The court of appeals then turned to the issue of whether the property division was proper. Id. at 37. The court determined that based on appellant's financial and medical circumstances, the award under the section 518.58, subdivision 2, unfair hardship provision "accord[ed] with the statute's hardship concerns." Angell, 777 N.W.2d at 38. But the court also found that the district court's order awarding appellant a share of the federal death benefits directly conflicted with the express prohibition under federal law barring the diversion of military death benefits from designated beneficiaries of those benefits. Id. at 40. The court reversed solely on the latter issue and remanded the case to the district court to make a property distribution consistent with its holding. Id. at 41. We granted appellant's petition for review.3

I.

It is well settled that "[a] trial court has broad discretion in evaluating and dividing property in a marital dissolution and will not be overturned except for abuse of discretion." Antone v. Antone, 645 N.W.2d 96, 100 (Minn.2002). But we review de novo the question of whether federal law preempts state law. In re Estate of Barg, 752 N.W.2d 52, 63 (Minn.2008).

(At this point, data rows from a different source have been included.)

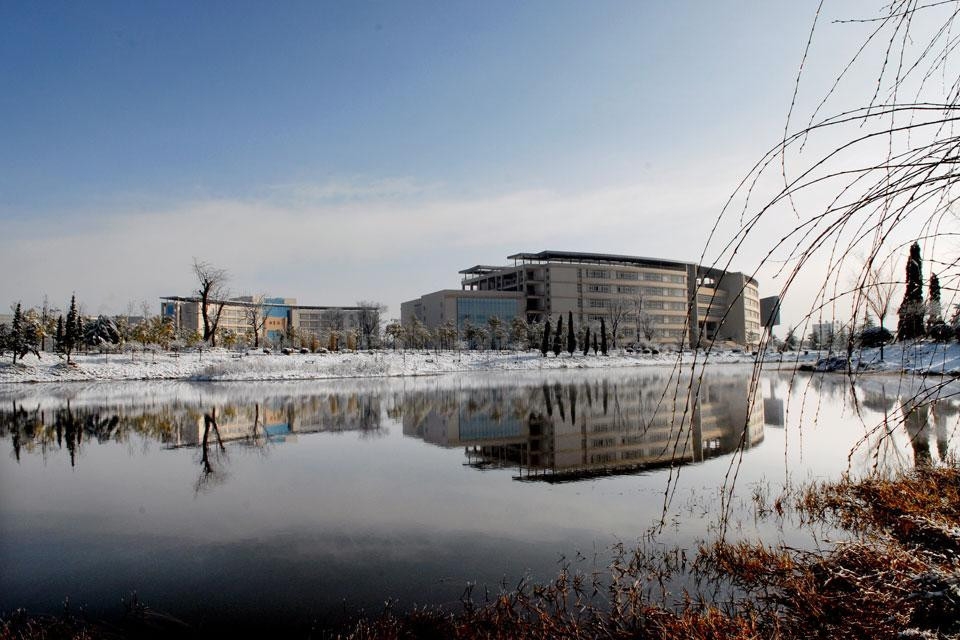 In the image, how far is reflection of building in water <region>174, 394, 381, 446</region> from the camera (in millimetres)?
18281

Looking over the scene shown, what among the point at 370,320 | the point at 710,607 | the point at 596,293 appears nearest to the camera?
the point at 710,607

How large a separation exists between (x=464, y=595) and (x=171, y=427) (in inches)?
655

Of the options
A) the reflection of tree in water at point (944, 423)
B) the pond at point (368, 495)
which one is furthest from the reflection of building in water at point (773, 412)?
the reflection of tree in water at point (944, 423)

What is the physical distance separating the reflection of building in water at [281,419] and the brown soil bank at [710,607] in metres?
12.8

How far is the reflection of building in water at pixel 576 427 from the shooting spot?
13.4 meters

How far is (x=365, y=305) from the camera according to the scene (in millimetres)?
86812

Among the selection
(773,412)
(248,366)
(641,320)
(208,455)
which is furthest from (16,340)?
(641,320)

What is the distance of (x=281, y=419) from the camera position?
21.7 m

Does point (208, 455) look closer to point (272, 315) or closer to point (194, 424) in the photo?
point (194, 424)

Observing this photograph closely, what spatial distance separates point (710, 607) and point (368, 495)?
6783mm

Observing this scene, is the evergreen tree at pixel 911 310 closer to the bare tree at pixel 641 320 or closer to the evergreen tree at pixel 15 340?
the evergreen tree at pixel 15 340

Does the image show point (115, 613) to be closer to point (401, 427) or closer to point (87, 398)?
point (401, 427)

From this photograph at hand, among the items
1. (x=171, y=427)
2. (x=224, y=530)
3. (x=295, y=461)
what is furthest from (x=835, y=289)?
(x=171, y=427)

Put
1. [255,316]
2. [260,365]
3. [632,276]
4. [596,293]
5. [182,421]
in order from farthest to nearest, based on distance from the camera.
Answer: [632,276] < [596,293] < [255,316] < [260,365] < [182,421] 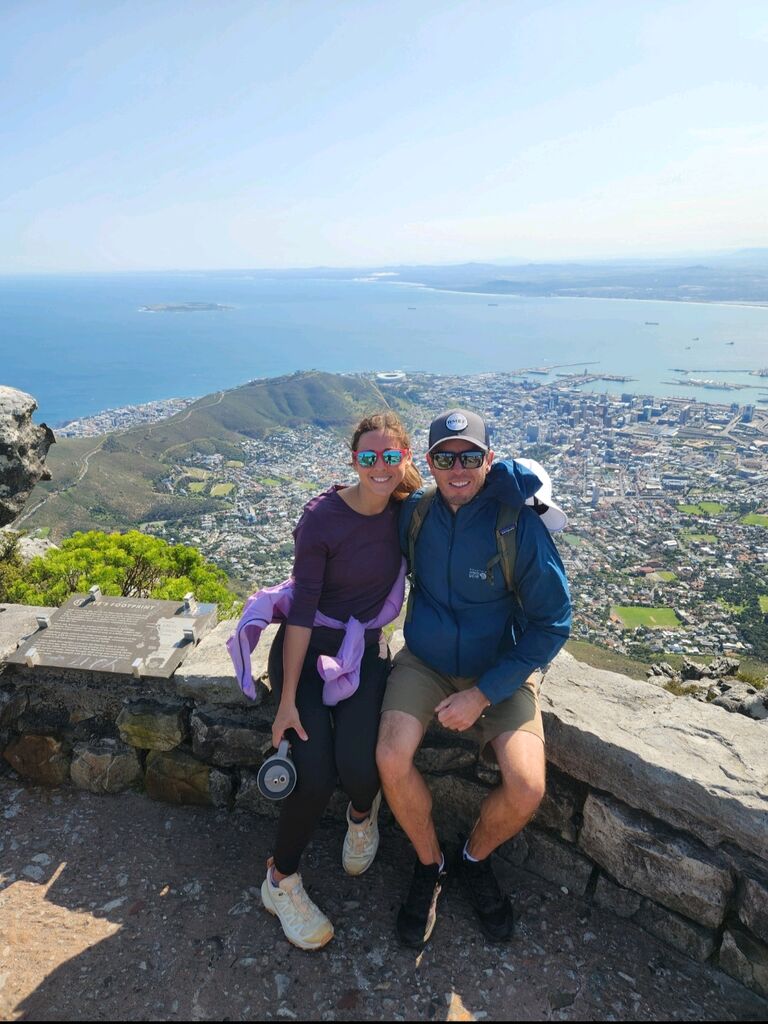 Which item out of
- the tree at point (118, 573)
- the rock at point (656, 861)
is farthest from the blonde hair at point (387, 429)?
the tree at point (118, 573)

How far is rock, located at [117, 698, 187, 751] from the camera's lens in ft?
10.8

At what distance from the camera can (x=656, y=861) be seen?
8.22ft

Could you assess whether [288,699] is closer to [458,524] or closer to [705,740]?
[458,524]

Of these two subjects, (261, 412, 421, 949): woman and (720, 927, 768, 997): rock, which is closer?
(720, 927, 768, 997): rock

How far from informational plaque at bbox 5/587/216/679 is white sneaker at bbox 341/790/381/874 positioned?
1.25 m

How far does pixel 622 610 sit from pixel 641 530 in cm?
1116

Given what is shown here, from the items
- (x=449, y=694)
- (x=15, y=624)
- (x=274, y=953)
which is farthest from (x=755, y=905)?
(x=15, y=624)

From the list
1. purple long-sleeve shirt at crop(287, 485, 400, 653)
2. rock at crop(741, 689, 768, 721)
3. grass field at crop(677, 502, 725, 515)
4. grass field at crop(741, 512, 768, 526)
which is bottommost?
grass field at crop(677, 502, 725, 515)

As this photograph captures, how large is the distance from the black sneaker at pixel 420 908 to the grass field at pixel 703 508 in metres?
36.4

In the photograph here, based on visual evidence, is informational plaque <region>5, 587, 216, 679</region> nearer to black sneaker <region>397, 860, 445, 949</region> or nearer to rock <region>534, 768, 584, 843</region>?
black sneaker <region>397, 860, 445, 949</region>

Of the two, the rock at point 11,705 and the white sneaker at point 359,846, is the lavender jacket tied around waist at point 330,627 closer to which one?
the white sneaker at point 359,846

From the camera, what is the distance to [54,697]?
11.5 ft

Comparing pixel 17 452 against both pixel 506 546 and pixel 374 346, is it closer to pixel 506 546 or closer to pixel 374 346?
pixel 506 546

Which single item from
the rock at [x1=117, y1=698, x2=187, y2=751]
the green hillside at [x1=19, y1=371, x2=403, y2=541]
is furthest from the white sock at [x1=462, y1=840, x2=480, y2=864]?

Under the Supremacy Clause of the U.S. Constitution, a federal law prevails over a conflicting state law. U.S. Const. art. VI, cl. 2 (stating that the laws of the United States "shall be the supreme law of the land; and the judges in every state shall be bound thereby, anything in the Constitution or laws of any state to the contrary notwithstanding"). Congressional purpose is " 'the ultimate touchstone' " of the inquiry into whether a federal statute preempts a state law. Barg, 752 N.W.2d at 63 (quoting Malone v. White Motor Corp., 435 U.S. 497, 504, 98 S.Ct. 1185, 55 L.Ed.2d 443 (1978)). And when considering issues arising under the Supremacy Clause, we "start with the assumption that the historic police powers of the States were not to be superseded by the Federal Act unless that was the clear and manifest purpose of Congress." Rice v. Santa Fe Elevator Corp., 331 U.S. 218, 230, 67 S.Ct. 1146, 91 L.Ed. 1447 (1947). Divorce and other family law matters are traditionally within the historic police power of the states. See Langston v. Wilson McShane Corp., 776 N.W.2d 684, 689 (Minn.2009) (citing Ankenbrandt...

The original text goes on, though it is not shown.